With the ultimate goal to play, perform, compete – together in high school activities, state associations continue to look for new ways to make that happen. In the case of the more than four million students involved in performing arts, the opportunity to continue events virtually has been a tremendous alternative.
As Nate Perry’s article in the January issue of High School Today indicated, Illinois and Wisconsin, among others, have turned negatives into positives. The Illinois High School Association (IHSA) plans to conduct state culminating events in speech, music, debate and drama from early February to the end of March – all virtually.
Susie Knoblauch, IHSA assistant executive director in charge of these programs, said it was difficult to see the disappointment of students who lost opportunities in the spring and those experiences “led us to believe that setting goals to conduct virtual events can energize these student populations.”
The Wisconsin High School Forensic Association (WHSFA) moved its events online in July to keep students and coaches engaged. The WHSFA successfully completed its one-act theatre season online in the fall and will begin its speech contest season next month, with state culminating rounds in April.
Adam Jacobi, WHSFA executive director, said the association actually added schools with the move online – some that had not participated in the past 20 years. He said the virtual experience also provided new options for busy students who could not participate otherwise, and it was beneficial for schools in sparsely populated and rural areas.
Other states are providing new opportunities through esports and flag football for girls. Eighteen state associations are now offering esports programs through the NFHS Network and PlayVS, and interest has been building due to the addition of FIFA 21 and Madden NFL 21 as game titles for the 2021 esports season – the first sports titles to be offered through the NFHS Network-PlayVS partnership.
In addition, interest in flag football for girls continues to gain momentum. Along with state associations in Florida, Georgia, Alaska and Nevada that have implemented programs, Alabama is involved in discussions to add the sport this year.

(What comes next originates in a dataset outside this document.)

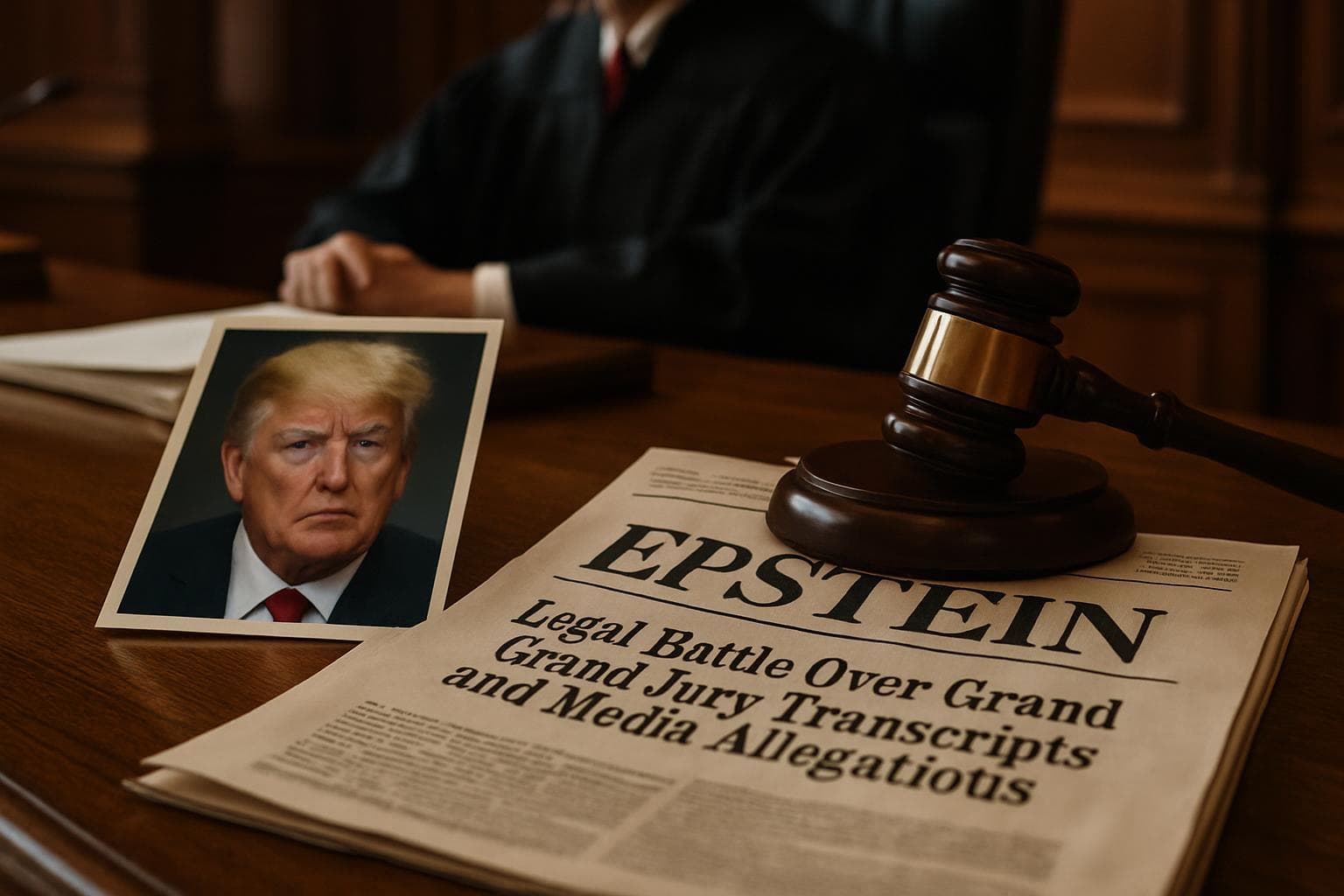 Courtroom scene with legal documents, gavel, Trump portrait, and Epstein headline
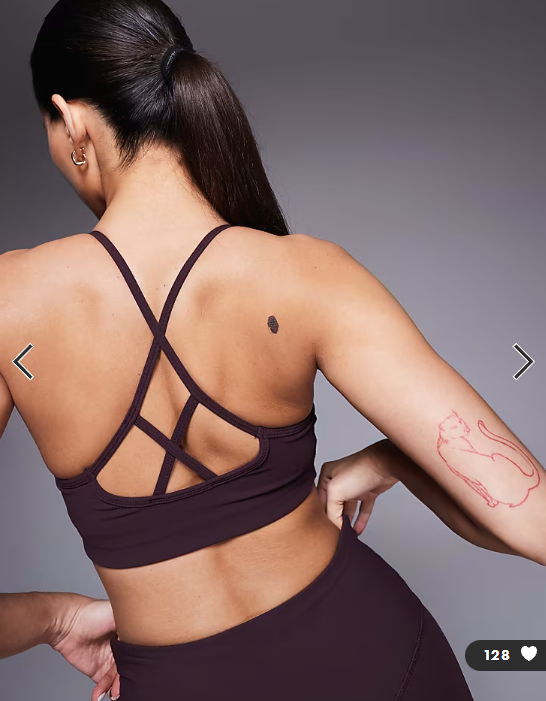 4505 micro rib light support strappy sports bra with removeable padding in fig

The Georgia High School Association conducted its first GHSA Flag Football Championship last month with Calvary Day School winning the A-5A title and West Forsyth claiming the 6A-7A crown. About 90 schools were involved in the first year of sanctioned competition.
The new year is off to a rocky start with the horrific events in our nation’s Capital last week, along with the surging number of post-holiday COVID-19 infections. We hope and trust that 2021 is a year of healing – in many forms – in our country, and we believe that communities engaging in education-based high school sports and performing arts can play a significant role in that process.
Dr. Karissa Niehoff is executive director at NFHS.